Another big problem with mathematically modeling a network is reflected in this comparison. Complexity and detail will naturally be lost when trying to generalize an environment with an all encompassing mathematical representation. There should be no expectation that a single formula or even a set of formulas can completely characterize your network.


In Dr. David Meyer’s Presentation: “Beyond Siri: Applying Machine Learning To Network Automation” From Open Networking Summit 2017, he describes some of the challenges we face when trying to apply machine learning techniques to networking.  The issue revolves around the nature of the data and how un-friendly it is to ML.


The statement that Machine Learning for network data requires novel approaches is an accurate one, but not an insurmountable problem in my opinion. So what are these novel approaches? To get there we need to a journey through a great many different areas. We will need to understand the current state of machine learning and how it is used in other areas such as image processing and natural language. Since some of the best techniques emulate the natural world we will need some understanding of animal behavior and neuroscience. And of course we will need to have an in-depth understanding of networking and its relationship to the larger IT ecosystem.


I think it makes sense to start with our background in networking. When I say background I am really talking about the mathematical underpinnings of computer networks. This includes routing and switching algorithms, queuing theory and performance analysis. We will need to find ways to relate this to the other areas of computing as mentioned by Dr. Meyer. Once we have this grounding, we will need to understand how we can gather information from all areas of Computer Networks, such as physical server hardware, operating systems, storage devices, applications as well as networks.

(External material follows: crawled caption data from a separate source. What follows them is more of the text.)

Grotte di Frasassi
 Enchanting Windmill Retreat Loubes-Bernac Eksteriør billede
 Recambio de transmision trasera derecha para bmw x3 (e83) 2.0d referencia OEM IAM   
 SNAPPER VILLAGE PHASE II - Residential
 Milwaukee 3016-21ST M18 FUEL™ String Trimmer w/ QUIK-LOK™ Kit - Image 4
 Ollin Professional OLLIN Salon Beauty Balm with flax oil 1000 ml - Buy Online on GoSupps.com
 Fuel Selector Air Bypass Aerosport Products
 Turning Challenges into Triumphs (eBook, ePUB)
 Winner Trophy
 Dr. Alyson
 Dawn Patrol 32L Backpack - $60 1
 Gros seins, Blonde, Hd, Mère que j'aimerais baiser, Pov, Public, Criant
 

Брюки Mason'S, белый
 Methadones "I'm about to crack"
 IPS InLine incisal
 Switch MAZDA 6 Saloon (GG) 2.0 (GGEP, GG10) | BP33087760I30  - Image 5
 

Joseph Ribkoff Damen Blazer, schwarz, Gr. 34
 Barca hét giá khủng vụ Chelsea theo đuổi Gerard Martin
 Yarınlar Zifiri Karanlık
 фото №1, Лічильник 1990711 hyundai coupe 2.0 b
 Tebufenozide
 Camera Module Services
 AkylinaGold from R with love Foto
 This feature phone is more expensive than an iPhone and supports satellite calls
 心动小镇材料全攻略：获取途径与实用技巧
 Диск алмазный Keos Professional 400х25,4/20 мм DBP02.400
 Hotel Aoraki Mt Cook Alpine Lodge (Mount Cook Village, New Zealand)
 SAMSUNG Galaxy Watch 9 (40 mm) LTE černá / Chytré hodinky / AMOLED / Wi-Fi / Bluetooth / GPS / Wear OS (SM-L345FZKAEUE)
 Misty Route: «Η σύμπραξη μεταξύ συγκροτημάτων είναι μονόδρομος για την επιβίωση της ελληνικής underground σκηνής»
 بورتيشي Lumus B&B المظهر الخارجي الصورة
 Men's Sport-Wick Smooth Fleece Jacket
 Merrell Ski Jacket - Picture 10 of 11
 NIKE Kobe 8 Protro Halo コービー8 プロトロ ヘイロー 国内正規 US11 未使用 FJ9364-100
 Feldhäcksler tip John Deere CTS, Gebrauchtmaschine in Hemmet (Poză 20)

Once we get the networking and related stuff out of the way, I will move on to a background in Artificial Intelligence, Machine Learning and other related topics (neural networks, deep learning, etc.). With this background in place I will discuss how it can be applied in the area of computer networking.


The final discussion will center around more advanced topics describing ways to better apply ML to networks such as natural evolution strategies, partial swarm optimization and the like. Throughout all of this I will demonstrate ways in which I have been able to successfully apply these techniques and create an environment for not predictive modelling for performance optimizations and failures, but also prescriptive modelling techniques that allow us to actually find ways to prevent future failure and performance degradation, doing so in near real-time. It is a system that constantly learns and trains itself, changing and evolving as the environment itself does.


I will attempt to explain how this can be accomplished in a series of articles that will cover a broad range of topics. As I build this body of knowledge I will be providing examples from software I have written to achieve these results.